*Exercise objective:*
For this exercise, restate word for word only the lines from the one containing "Atelier 420 m2" through the last line below. Pictures do not get copied.

*Supplied material:*
== Segment start ==
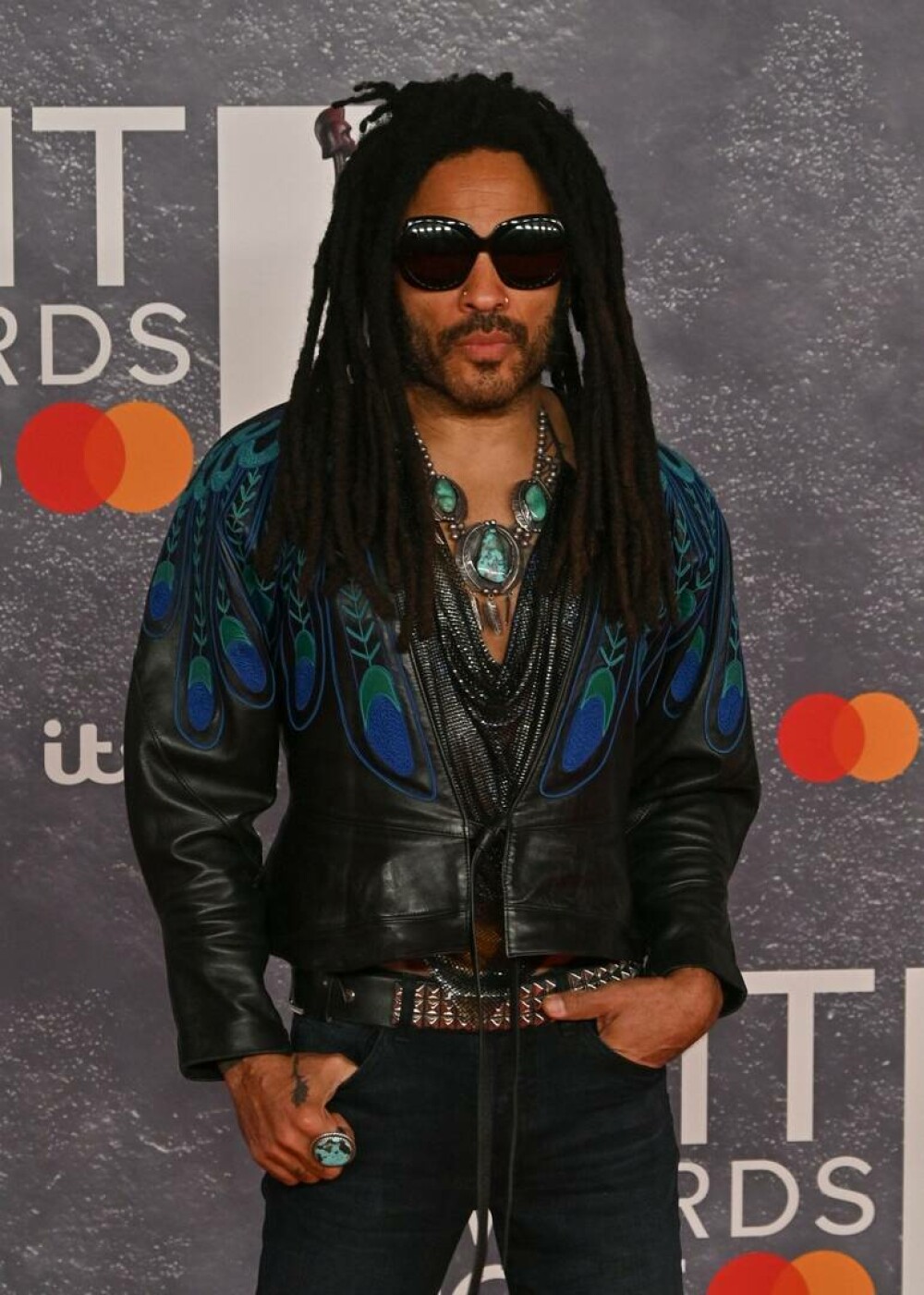 Interpretul Lenny Kravitz împlineşte 61 de ani. Cum a ajuns pe culmile succesului în muzică și film - Imaginea 1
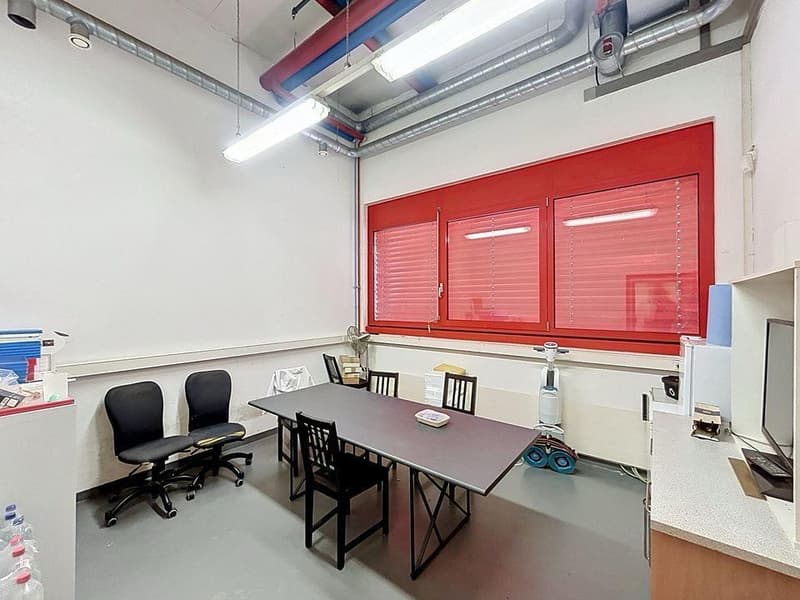 Atelier 420 m2 au rez - Accès porte sectionnelle - Proche de tout (5)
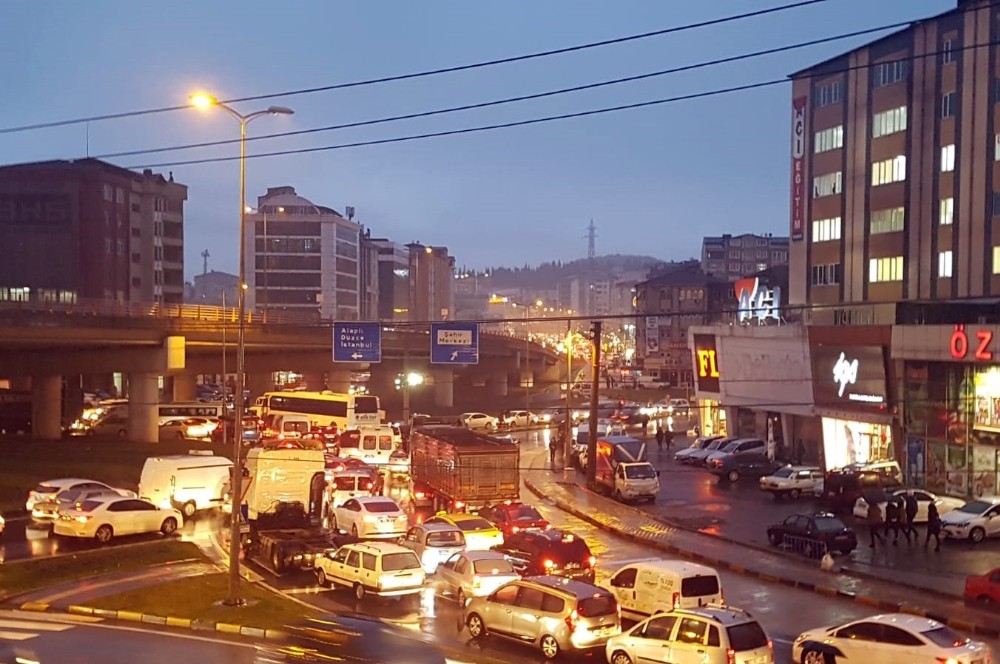 Kdz. Ereğli’de birçok caddede trafik kilitlendi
== Segment end ==
*Solved exercise:*
 Atelier 420 m2 au rez - Accès porte sectionnelle - Proche de tout (5)
 Kdz. Ereğli’de birçok caddede trafik kilitlendi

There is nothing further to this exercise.